Todos detienen su actividad y concentran su mirada en él. La situación es tensa, todos los pasajeros del vagón, se quedan observándolo. De pronto, alguien acciona la máquina de bebidas y como si su sonido fuera una señal, todos vuelven a lo suyo. Siente temblor en las piernas y una gota de sudor pasa por su ojo derecho.

Cuando suben una vez más, los impecables uniformados, dos de ellos se detienen frente a él. Hace un enorme esfuerzo por ignorarlos. Esfuerzo que le anuda los nervios hasta hacerle sentir un fuerte dolor en la espalda. Reúne fuerzas para devolver la mirada. No encuentra nada. Ni reproche ni alarma, ni amenaza ni simpatía. Como se puede mirar a una cucaracha, calculando si vale la pena buscar el insecticida o simplemente pisarla. Lo terrible y miserable, es que él se siente una cucaracha.

Los uniformados se pierden de vista. Los demás terminan su trabajo. Cierran con tabiques, el espacio ocupado por cada grupo. Son a prueba de ruidos, no se mezclan las voces de sus ocupantes ni de las diferentes películas. Queda incluido en uno de ellos, sólo, pero adentro.
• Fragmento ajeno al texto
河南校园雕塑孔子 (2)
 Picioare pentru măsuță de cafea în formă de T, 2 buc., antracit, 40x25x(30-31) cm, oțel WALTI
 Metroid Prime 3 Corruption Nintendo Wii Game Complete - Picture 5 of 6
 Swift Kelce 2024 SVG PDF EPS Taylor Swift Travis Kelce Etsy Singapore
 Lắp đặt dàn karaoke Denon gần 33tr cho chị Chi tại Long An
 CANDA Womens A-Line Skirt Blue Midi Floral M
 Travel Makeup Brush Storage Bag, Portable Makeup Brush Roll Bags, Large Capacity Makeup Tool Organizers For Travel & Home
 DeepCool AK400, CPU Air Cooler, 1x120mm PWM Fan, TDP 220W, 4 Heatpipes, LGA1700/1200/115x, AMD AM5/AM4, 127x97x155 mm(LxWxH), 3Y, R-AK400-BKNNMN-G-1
El subterraneo se pone en marcha. Le queman las miradas de los dos uniformados. Por un segundo, son reemplazadas por las del pasajero que intentó fugarse. Quiere evocar los ojos de su madre, y no puede; los de su hijo, y no puede. Busca en que centrar su propia mirada para evitar el acoso e intenta concentrarse en los títulos de la película que está por comenzar. Es de guerra, siempre le gustaron las películas de guerra. No importa quién pelee ni quien gane. Busca una butaca más cercana para ver mejor. El subterráneo aumenta su velocidad.

De pronto se detiene, las luces no se apagan. Esto exige que todos tengan que ver aunque no quieran. Mirarse, preguntar qué pasa. Algunos se atreven a acercarse a las ventanillas o a las puertas. Surge un rumor que circula rápidamente por el subterráneo. Algo en las vías impide el paso. Muy a su pesar, se asoma a una de las ventanillas. Comprueba que, efectivamente, hay algo, allí adelante, como una barrera que no permite avanzar. son pañuelos blancos.